Railnews
- Editor: Sim Harris
- Former editors: Paul Whiting, Keith Horrox (1963–1989)
- Categories: Rail transport
- Frequency: Monthly
- Publisher: 1963–96: British Rail 1997–present: Railnews Ltd
- Founder: British Railways Board
- First issue: July 1963
- Country: England
- Based in: Wellingborough
- Language: English
- Website: www.railnews.co.uk

= Railnews =

British magazine

Railnews is a national monthly newspaper and news website for the British railway network.

==Content==
Railnews concentrates on issues important to employees of the railway industry, such as investment, careers, changes to industry structure, political developments, industrial relations and other trade union matters. It also maintains a focus on the people of the rail industry, rather than the companies alone.

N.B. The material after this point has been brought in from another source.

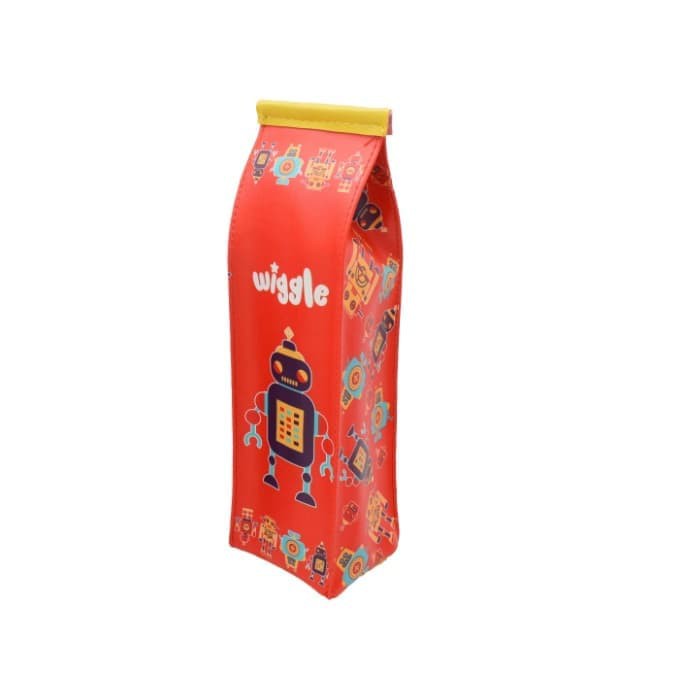 TEMPAT PENSIL WIGGLE Karakter Anak Robot Milk Pencil Case Wiggle Original Tempat ATK Alat Tulis Anak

As a trade title covering the modern industry, it is not designed for railway enthusiasts or the heritage railway market.

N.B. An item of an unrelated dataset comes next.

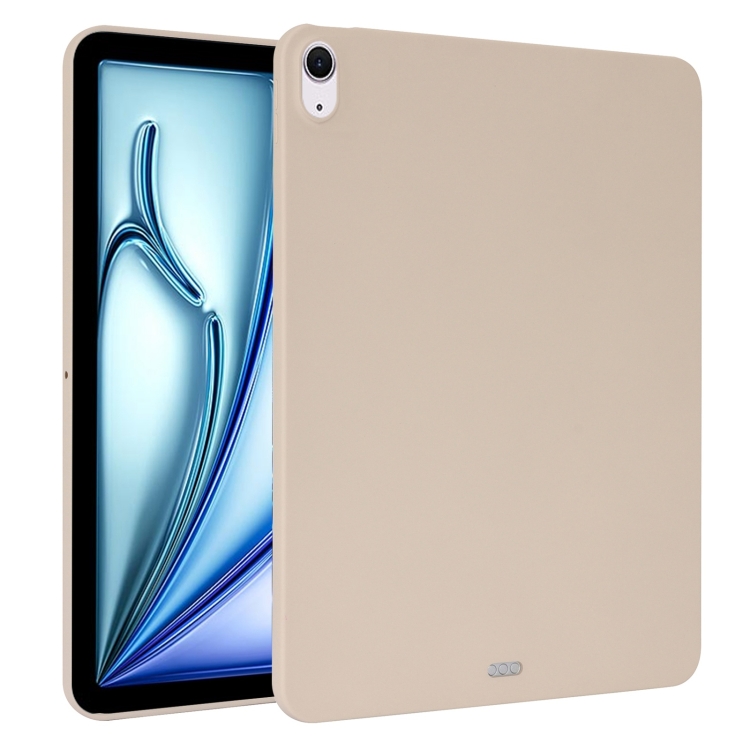 RUBBER Védőburkolat Apple iPad Air 11 2025 / Air 11 2024 bézs színhez akciós termékkép 1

The ethos of Railnews is to be "dispassionate, objective and accurate". Following this, Railnews never carries unmarked advertorials, although much of its advertising revenue does come from major railway suppliers and operators.

==History==

A Railnews special edition on the Advanced Passenger Train from 1980

Railnews, in the early days spelt 'Rail News', was originally the house newspaper of British Railways, published by the British Railways Board. It first appeared in 1963 under the editorship of Keith Horrox with a price of 6d, replacing the former magazines which had been produced for each railway Region, although Regional 'slip' pages continued for many years. From 1978 to October 1996 it was issued free to all employees of British Rail. An attempt to sell it as a result of the privatisation of British Rail was unsuccessful and production ceased in October 1996. In February 1997 the title was revived by some former BR managers, with Sir William McAlpine as Chairman and Cyril Bleasdale as Managing Director. Both maintained these positions until their deaths. The managing director is now David Longstaff. Only four months went by between the ending of the BR version and the launch in March 1997 of its independent successor.

==Today==
Railnews is no longer a house journal with a particular stance to maintain and, although fully supportive of the industry it serves, it carries objective, balanced reports. Distributed to both individual subscribers and large railway companies (who have corporate subscriptions) it penetrates the entire industry from trackside to boardroom.

The newspaper and website were both fully redesigned in February 2012, bringing a new, cleaner, more modern look to the title. Since September 2009 the Managing Editor has been former BBC journalist Sim Harris. He succeeded Paul Whiting, who has retired.